─── Given data

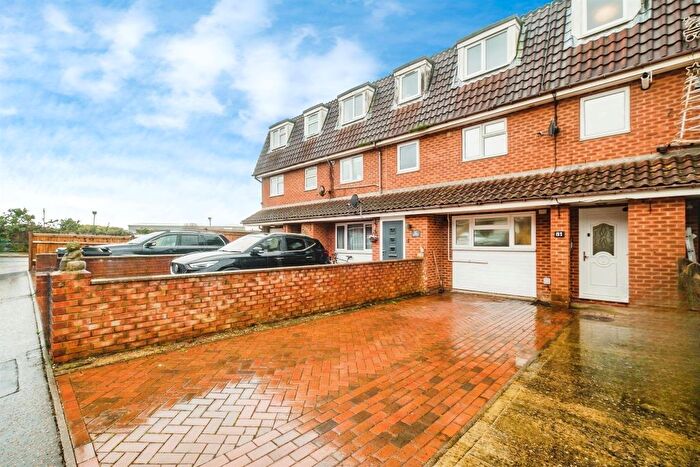 4 Bedroom Terraced House For Sale In Hurstfield, Lancing, BN15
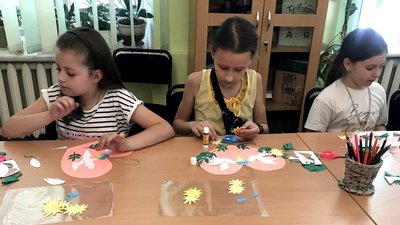 Символічне серце з голубами – в житомирському таборі книголюбів діти робили аплікації до Дня Української Державності Символічне серце з голубами – в житомирському таборі книголюбів діти робили аплікації до Дня Української Державності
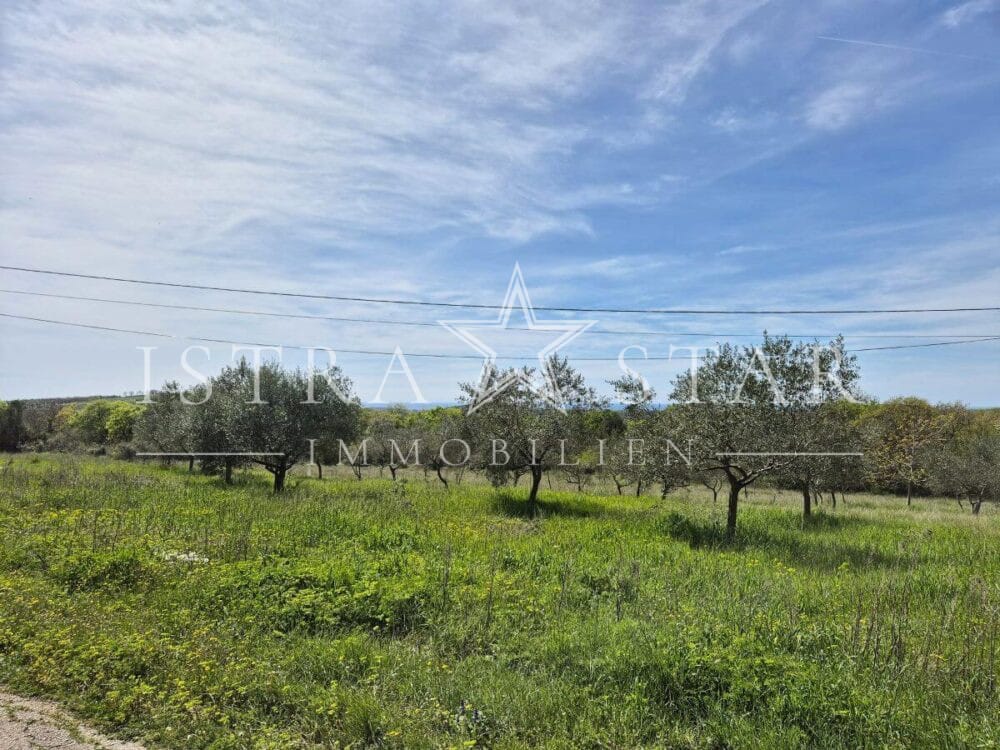 Bau- und Landwirtschaftsgrundstück 1.697 m2 mit Meerblick, ca. 16 km Distanz zum Meer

──────

• Work request: Every line from the one holding "Української Державності Символічне" through the final line of the data above is to be reproduced exactly, both ends included, with the pictures left out.

• Solution to this task:
 Символічне серце з голубами – в житомирському таборі книголюбів діти робили аплікації до Дня Української Державності Символічне серце з голубами – в житомирському таборі книголюбів діти робили аплікації до Дня Української Державності
 Bau- und Landwirtschaftsgrundstück 1.697 m2 mit Meerblick, ca. 16 km Distanz zum Meer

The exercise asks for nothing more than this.